When the workers migrate, they install temporary shacks in the sugarcane fields. About five feet high, the shacks are made of hay, some covered with plastic, with just about enough room for two people to sleep. The labourers cook food in the open and have to use the fields as toilets.
“If I send you photos of the way we live, you will be shocked,” Balasaheb says. “Social distancing is a luxury we cannot afford.”
“The huts are located close to each other,” says Parvati. “Whether around our shacks, or in the fields, it is impossible to maintain one metre of distance from other workers. Plus, we have to fill water every evening, and 25 women fill water from the same tap. That limited water is to be used for cleaning, cooking and drinking.”

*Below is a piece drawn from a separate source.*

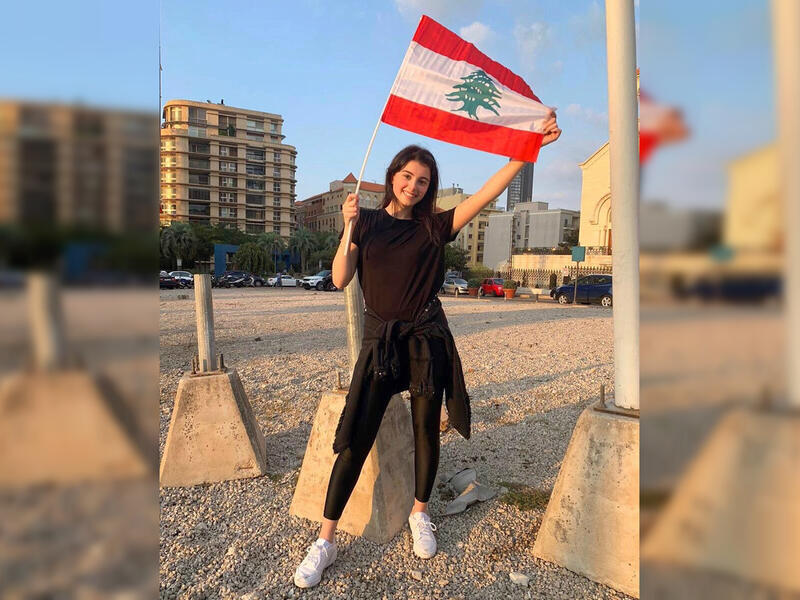 Maritta Hallani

Despite the terrible conditions, Khedkar says there is little they can do about it. “The sugar factory owners enjoy a lot of clout,” he says. “None of us would dare to speak up against them or stand up for our rights.”
Every sugar factory assigns at least 8,000 workers, says Deepak Nagargoje, an activist based in Beed, who works on the problems faced by the families of migrant sugarcane workers. If 79 factories are functioning today, it means more than 6 lakh workers are not able to practice social distancing or maintain adequate hygiene. “This is nothing but dehumanisation of the workers,” said Nagargoje. “The sugar factories should immediately release them, and not cut their wages.”

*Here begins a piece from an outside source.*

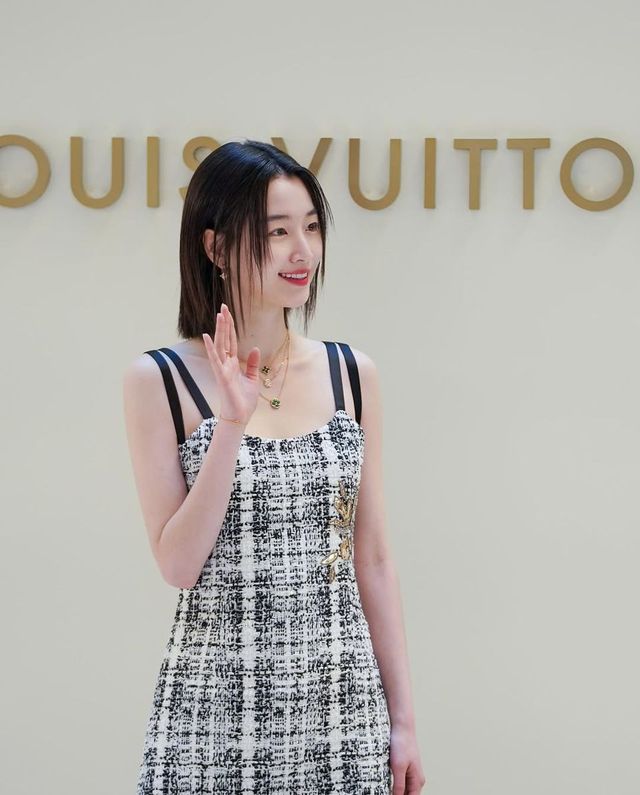 /사진=원지안 인스타그램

After Nagargoje raised the issue in the local media, on March 27, Saurabh Rao, Sugar Commissioner of Maharashtra, released a notice stating that sugar is an essential commodity and therefore exempted from the lockdown. “If the state is to have adequate supply of sugar, the factories will have to continue because that is where the raw material comes from. But the workers cutting cane at the factories ought to be looked after,” the notice said, and issued specific directives to the factories.
These included asking the factories to make arrangements for the workers’ stay and food, along with providing them hand sanitisers and enough water to maintain adequate hygiene. The directives also asked factories to ensure that the workers can maintain social distancing.
Postscript: By Sunday, March 29, labourers at 23 factories stopped working because the factories haven't provided any of these facilities.
Balasaheb Khedkar told me that the local sugarcane workers at his factory continue to work. But migrant labourers like him and Parvati have stopped two days ago. "It has become even more difficult because the local ration shops also want to stay away from us, fearing we have coronavirus," he said. “We cannot do this work on an empty stomach. The factory has not given us masks or sanitisers, but it should at least ensure our food."